Adieus Sachin Tendulkar
It is all over, just refuses to leave your side. Flip channels on television and there it is. Go through newspapers and website and it is as omnipresent, just like KRK’s review. People are talking about it and you cannot escape it even if you go to Mars because now we have sent Mangalayan there. Sachin Tendulkar retires and suddenly people go overboard with emotions, probably more than they did when the prices of tomatoes went spiraling high. Onions, anyways, were reserved for tears. National passion turns into an obsession which blow up Sachin’s obsession ten times over. Do not get me wrong. I am a Sachin fan and have done the necessary part of behaving like a typical female fan – calling his house, putting his posters all over the room like wallpaper and murdered a few thousand Tendlya bashers. But now it seems to take the pleasure from watching our Sacchu enjoy his last match. The limit has been crossed and trampled on. But that remains to be much debated on the culverts of Shaniwar Wada with the winner getting shaal and shriphal (shawl and coconut, if you did not understand this typically Puneri lingo). Let’s have a naïve look at this phenomenon called Sachin Tendulkar, from the eyes of someone who saw him begin his career and is seeing him retire in one go.
LET’S TALK SACCHU
Yes, the fact states that 1989 was the year when the child prodigy stuck terror for India. A curly mop won our hearts, with his game and looks. But what I remember of this moppet was his confidence and a certain calm, apart from the fact that he was the cutest thing in cricket. Suddenly, amidst doyens, there was a worthy pin-up boy who could play fantastic cricket too. It was not that cricket did not have any idols when Sachin came on the scene. But as a the times were changing with the new India’s economic changes waiting to explode the country and its young crowd getting a new life, it needed a hero. And it came in the form of our Tendlya. Going into the cricket details would be better done by experts. His attributes to greatness includes his one-minded passion for the game, simplicity, humility and a life which most can give an example of. 24 years is a huge number in the sporting world where a career rises or falls with every match. Most people especially post economic boom and the 90s kids probably had a lot on their platter but no one to be a role model. That is where Sachin came into picture. He played fantastic cricket – good for the budding cricketers. He won matches fair and square – good for Indian cricket. And he lived a life which probably could be called aspiring and honest – a winner for everyone. And that is where his success lies – being big and yet very much like one of us.

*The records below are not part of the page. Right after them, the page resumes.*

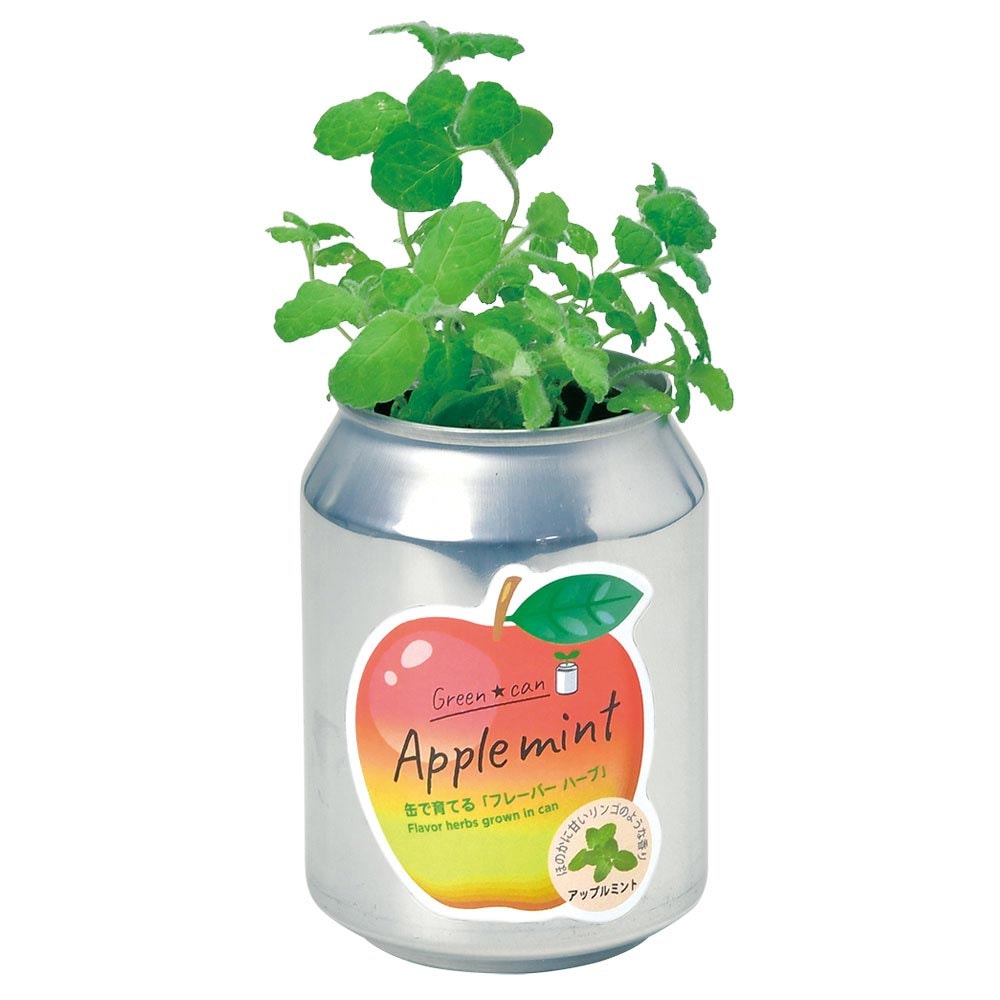 栽培セット グリーンカン アップルミント  【1個売り】
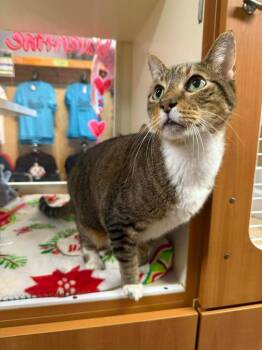 Tiger -  Domestic Short Hair Cat for Adoption in Sebastian, Florida - Tiger | PetCurious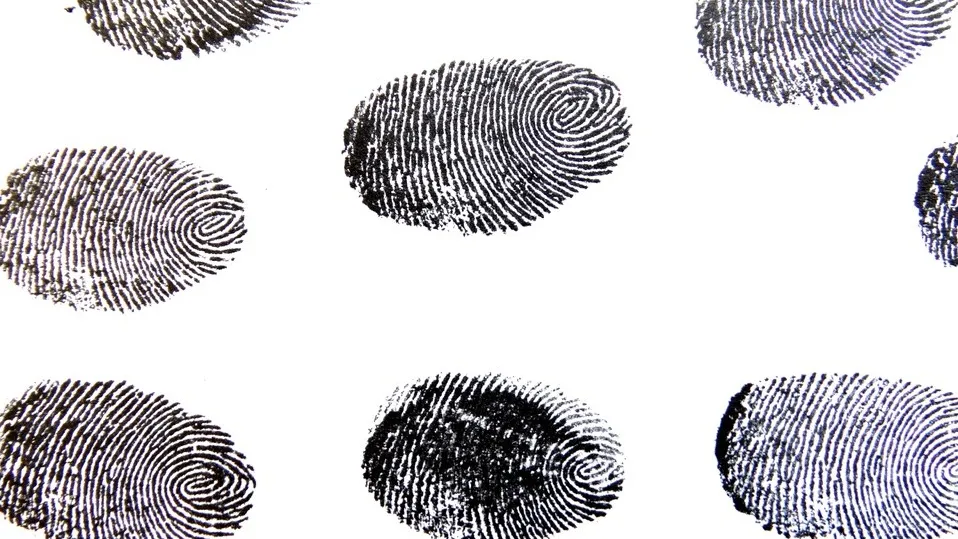 Фото: pxhere.com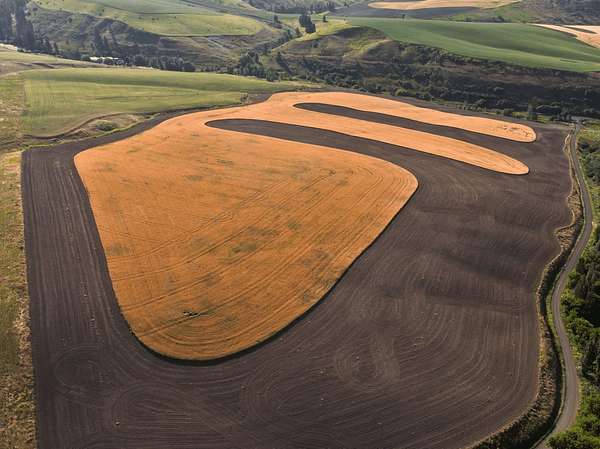 261 Acres of Land for Sale in St. John, Washington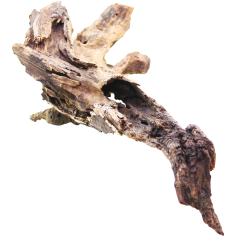 Decorline Driftwood Misura cm46x23x11h Foto Reale cod.DW36 2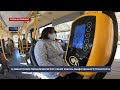 В Севастополе переформатируют схему работы общественного транспорта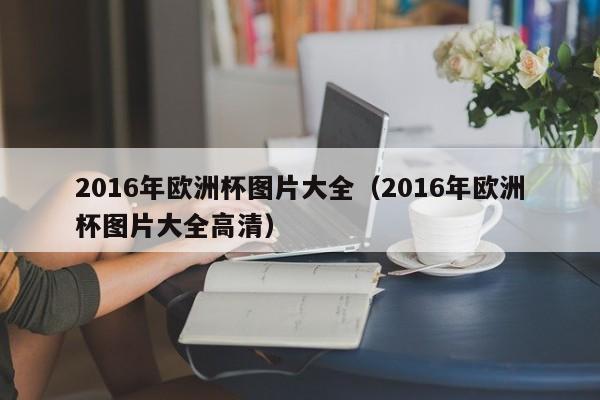 2016年欧洲杯图片大全（2016年欧洲杯图片大全高清）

Now, coming to the truth which might hurt some… so keep the dettol and band-aid closer. He was a player and he had to retire. Period. He played well, really well, for himself and the team. But he had to and has to retire. And just like the Indian team existed before him, it will exist after him too. Each generation had a hero to look up to. After Sacchu’s retirement, another name will come to be hero-worshiped. And then you will hear Sachin praising that cricketer. For 24 years, we saw Sachin lift the Indian cricket team on his shoulders and he deserves to retire without getting a feel that the team will break into hundred pieces like Vinod Kambli’s tears during 1996 World Cup semi-final. As a fan who loves his style of cricket but is not obsessed, I would want this obsession to stop – rather retire on a high with millions of fans than being ridiculed and asked to go out. Where are the tissues? Sob.
A LOOK SOMEWHERE ELSE
Now with Sachin Tendulkar hanging up his boots literally, cricket will still go being a religion in India. But now we can go on being a little naïve and start to think that other sports will benefit from this lack of superstar in cricket. Sure, we have Mahendra Singh Dhoni, Shikhar Dhawan, Virat Kohli and the works. But none can match the charisma and stature of Sacchu. Other sports probably can build on this point and raise their points in supporting winners who not only attract crowds but also the much needed money. Till the next Sachin comes on the cricket scene, we hope that Indian sports can start a race to being a sporting superpower.